■ **MATERIAL PROVIDED**
BEGIN
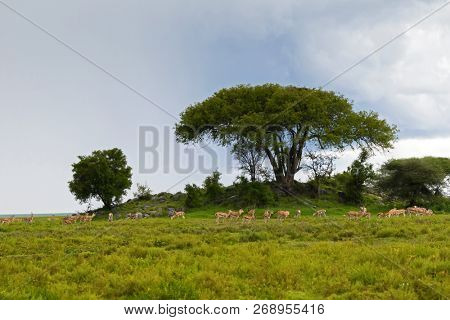 Herd of antelope Thomson's gazelle, Grant's gazelle, African animal feeding at small hill kopje at Serengeti National Park in Tanzania, East Africa 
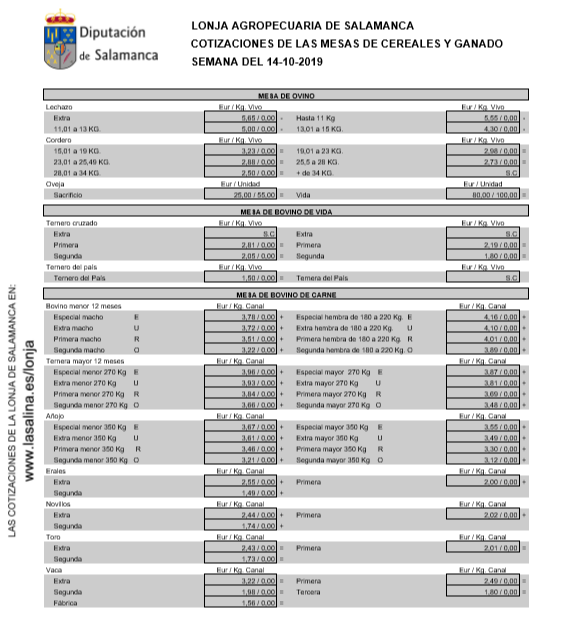 Lonja 14 de octubre (2)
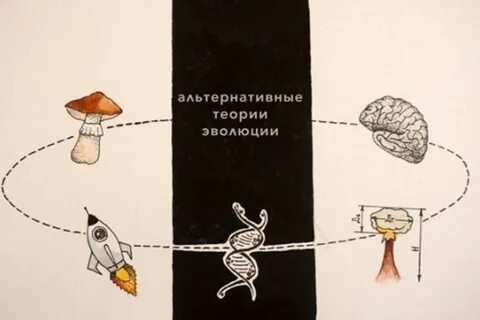 Теория альтернативы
END
■ **WHAT THE TASK ASKS**
Give back the material above exactly as it appears, minus the pictures.

■ **RESPONSE**
 Herd of antelope Thomson's gazelle, Grant's gazelle, African animal feeding at small hill kopje at Serengeti National Park in Tanzania, East Africa 
 Lonja 14 de octubre (2)
 Теория альтернативы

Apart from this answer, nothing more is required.